Bölge İdare Mahkemesi kararının özeti: İstinaf başvurusuna konu kararın iptal ve iadeye ilişkin hüküm fıkrasının hukuka ve usule uygun olduğu ve davalı idare tarafından ileri sürülen iddiaların, söz konusu hüküm fıkrasının kaldırılmasını sağlayacak nitelikte görülmediği gerekçesiyle 2577 sayılı İdari Yargılama Usulü Kanunu’nun 45. maddesinin 3. fıkrası uyarınca istinaf başvurusunun reddine karar verilmiştir.

TEMYİZ EDENİN İDDİALARI : Tesis edilen işlemde hukuka aykırılık bulunmadığı ileri sürülmektedir.

KARŞI TARAFIN SAVUNMASI : İstemin reddi gerektiği savunulmaktadır.

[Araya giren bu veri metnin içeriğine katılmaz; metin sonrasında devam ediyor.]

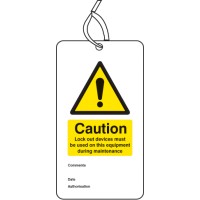 Lockout Tag - Lock Out Device Must be Used On this Equipment (Pack of 10) - TESTTTTT!!!!! Lockout Tag - Lock Out Device Must be Used On this Equipment (Pack of 10) - TESTTTTT!!!!!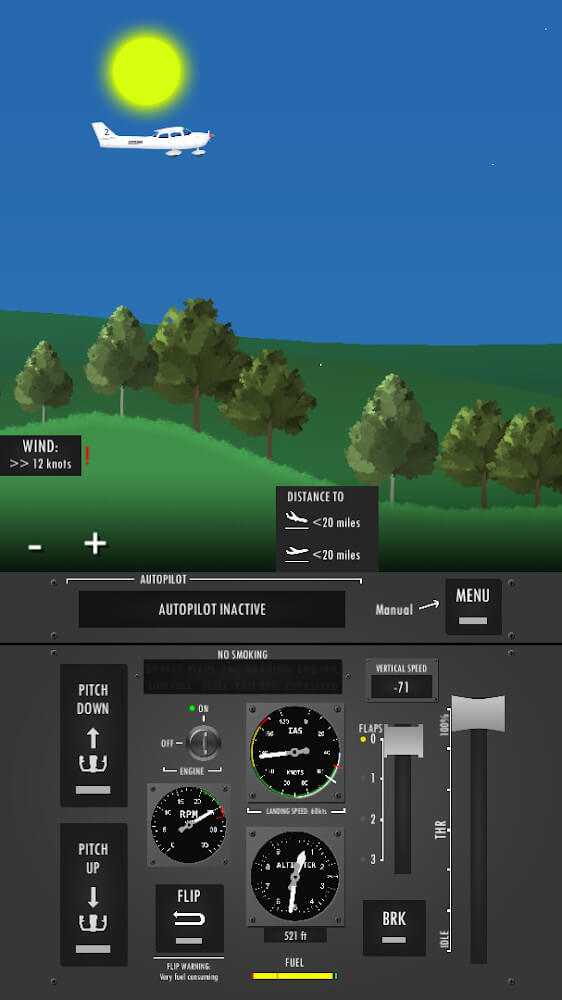 Flight Simulator 2D v2.7.0 MOD APK (Unlimited Money/Unlocked All)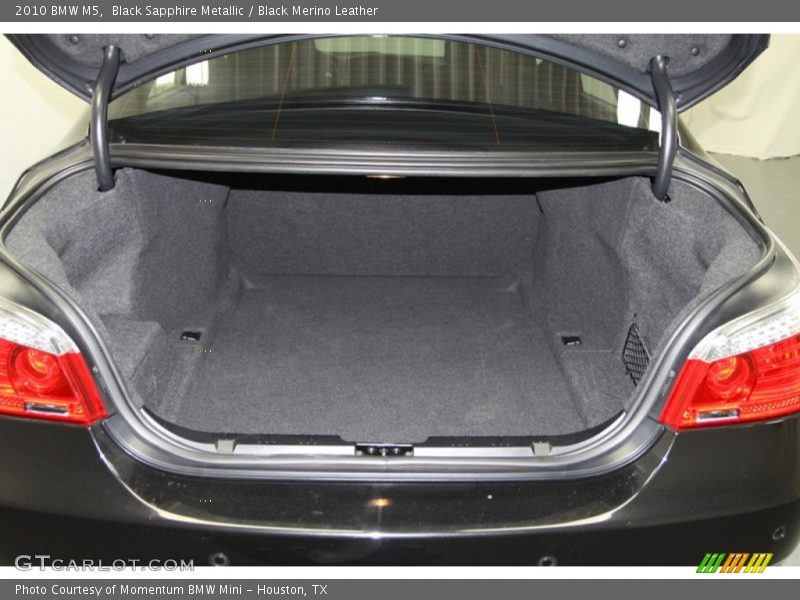  2010 M5  Trunk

DANIŞTAY TETKİK HÂKİMİ …’İN DÜŞÜNCESİ : Davacının başvurusu 12 aylık süre içerisinde yapılmadığından bahisle reddedildiğinden, davalı idare tarafından henüz başvurunun esasına yönelik bir değerlendirme yapılmamış olması karşısında, Bölge idare mahkemesince, davanın nakden iadeye ilişkin talebinin reddine dair işlemin iptali ile yetinilmesi ve davalı idareye işin esasının incelenmesi ve sonucunda yeni bir işlem tesis edilmesi için imkan sağlanması gerekirken, temyize konu kararın iade ve yasal faize hükmedilmesine ilişkin hüküm fıkrasında hukuki isabet bulunmadığı düşünülmektedir.

TÜRK MİLLETİ ADINA
Karar veren Danıştay Yedinci Dairesince, Tetkik Hâkiminin açıklamaları dinlendikten ve dosyadaki belgeler incelendikten sonra gereği görüşüldü:

İNCELEME VE GEREKÇE:
HUKUKİ DEĞERLENDİRME:
Dayandığı hukuki ve kanuni nedenlerle gerekçesi yukarıda açıklanan bölge idare mahkemesi kararının nakden iade talebinin reddine dair işlemin iptaline dair hüküm fıkrası aynı gerekçe ve nedenlerle Dairemizce de uygun görülmüş olup, temyiz dilekçesinde ileri sürülen iddialar, anılan hüküm fıkrasının bozulmasını gerektirecek nitelikte bulunmamıştır.
Temyize konu kararın mahrum kalınan tutarın hesaplanacak yasal faiziyle birlikte iadesine ilişkin hüküm fıkrasına yönelik temyiz istemine gelince;
Olayda, davacının başvurusu 12 aylık süre içerisinde yapılmadığından bahisle reddedildiğinden, davalı idare tarafından henüz başvurunun esasına yönelik bir değerlendirme yapılmamış olması karşısında, bölge idare mahkemesince, davacının nakden iadeye ilişkin talebinin reddine dair işlemin iptali ile yetinilmesi ve davalı idareye işin esasının incelenmesi ve sonucunda yeni bir işlem tesis edilmesi için imkan sağlanması gerekirken, temyize konu kararın iade ve yasal faize hükmedilmesine ilişkin hüküm fıkrasında hukuki isabet görülmemiştir.

KARAR SONUCU:
Açıklanan nedenlerle;
1. Temyiz isteminin kısmen reddine, kısmen de kabulüne,
2. … Bölge İdare Mahkemesi … Vergi Dava Dairesinin … tarih ve E:…, K:… sayılı kararının, dava konusu işlemin iptaline ilişkin hüküm fıkrasının ONANMASINA,
3. Kararın, nakden iadenin yasal faiz ödenerek yapılmasına ilişkin hüküm fıkrasının ise BOZULMASINA,
4. Bozulan kısım hakkında yeniden bir karar verilmek üzere dosyanın anılan Daireye gönderilmesine,
5. 492 sayılı Harçlar Kanunu’nun 13. maddesinin (j) bendi parantez içi hükmü uyarınca alınması gereken harç dahil olmak üzere, yargılama giderlerinin yeniden verilecek kararda karşılanması gerektiğine, 14/03/2023 tarihinde kesin olarak oyçokluğuyla karar verildi.

(X) KARŞI OY :
Davalı idarenin, temyize konu kararın nakden iadeye konu edilen vergilerin, yasal faiziyle birlikte iadesine ilişkin hüküm fıkrasına yönelik temyiz isteminin de reddedilerek, sözü edilen kararın onanması gerektiği oyuyla, Daire kararının belirtilen kısmına katılmıyoruz.